Inside Look: Barista Parlor - Imbibe Magazine Subscribe + Save

For Andy Mumma, founder of Nashville’s Barista Parlor, coffee and art are inseparable. “I’ve worked in specialty coffee since I was about 18, while additionally working with music and in the arts,” says Mumma. “My attention has always been in the sphere of creativity.”

Mumma found an outlet for that creativity with the opening of Barista Parlor’s first location in East Nashville in May of 2012, for which he also spearheaded the design. “I’ve always had a strong idea of what I wanted for my spaces. However, I can’t say that I ever really knew what I was doing. It took a great deal of trial and error to realize physically what I envisioned in my mind.”

To help, Mumma assembled a team of builders and artisans. Aaron Rosburg of AACraftsman built counters, cabinets and a giant wooden anchor. Custom lighting was created by Southern Lights Electric, custom furniture by Steric Design and Holler Design, a custom sound system by Hazelwood Laboratories, and custom signage by Sideshow Sign Co. “Everything has always been custom designed and built,” says Mumma. “Each [contributor] brings an enormous amount of individual talent and experience to the process of my build-outs. What we achieve collaboratively is nothing short of magic.”

This holds true for each of the Barista Parlor’s three locations. The original East Nashville café was built in an old transmission shop. Barista Parlor Golden Sound, opened in October of 2014, occupies a former recording studio of the same name and was designed in collaboration with Nick Dryden of DAAD. The newest spot, Barista Parlor Germantown, opened this past December and lives up to its predecessors. “Adaptive reuse is the theme of all three locations,” says Mumma. “I try not to change the footprint or what I feel are the most important details of each building.”

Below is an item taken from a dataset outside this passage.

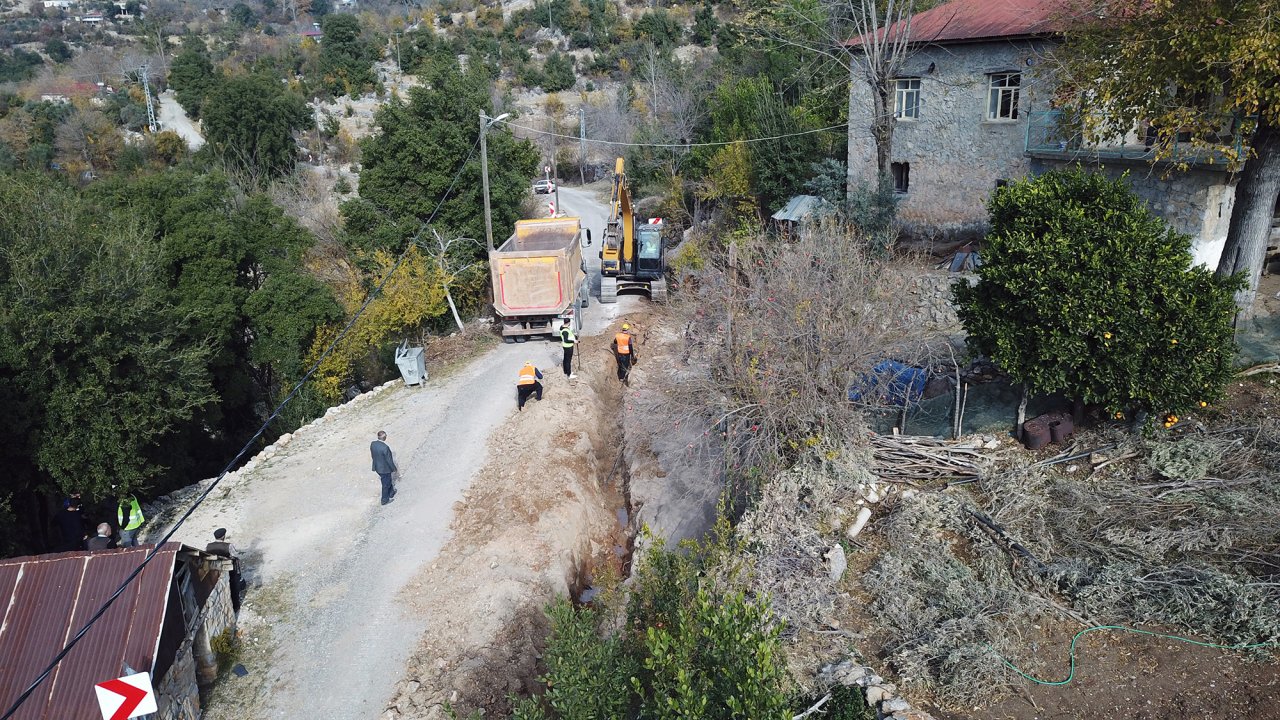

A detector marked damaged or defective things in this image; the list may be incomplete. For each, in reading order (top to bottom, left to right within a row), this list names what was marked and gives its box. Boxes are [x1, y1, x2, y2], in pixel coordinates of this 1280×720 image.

rusty corrugated roof [855, 0, 1075, 46]
rusty corrugated roof [0, 543, 177, 717]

Further indulging his artistic inclinations, Mumma works with Bryce McCloud at Isle of Printing to create table markers and menus, as well as original art installations. The back wall of the East Nashville shop sports a mosaic ship crafted from 4,400 letter-pressed squares, and at Golden Sound, the “cloud wall” is comprised of 4,700 letter-pressed squares, folded like origami and hung on 18 separate back-lit panels. “I want people to be inspired to create when they hang out at the shops,” says Mumma. “The experience should be less a straight transaction and more of an immersive art and coffee experience.”

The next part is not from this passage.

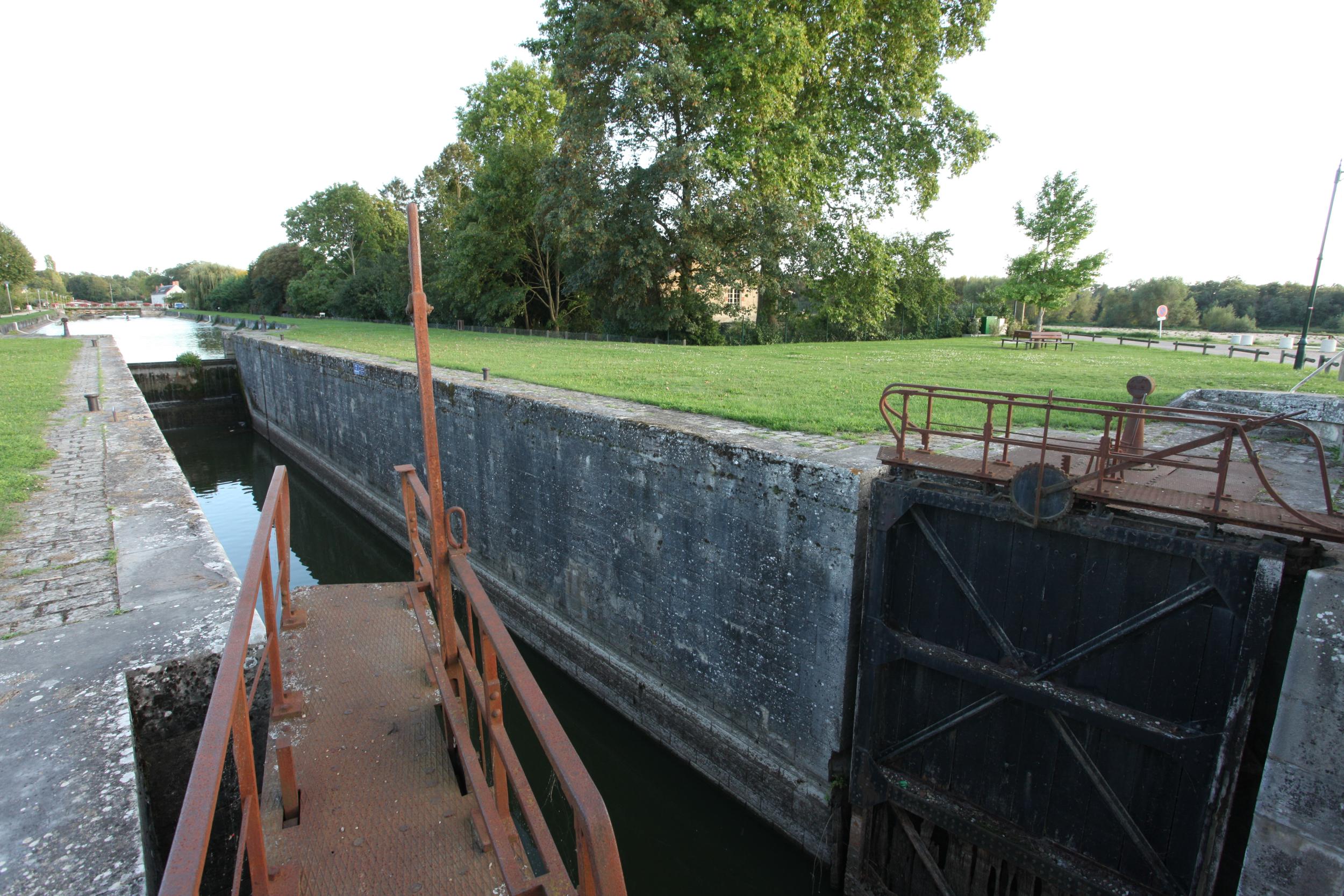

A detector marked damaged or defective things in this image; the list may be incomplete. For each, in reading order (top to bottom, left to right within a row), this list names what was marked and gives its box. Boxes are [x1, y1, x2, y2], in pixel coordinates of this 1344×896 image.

Of course, the experience is about coffee too. Mumma insisted on visible, open work spaces for baristas as they prepare drinks on siphon bars, Slayer espresso machines and Yama cold-brew towers. “Baristas are the heart of what we do,” says Mumma. “Not to mention the fact that what they’re doing is beautifully artistic, from the equipment they’re working with to the coffees and teas they’re producing.”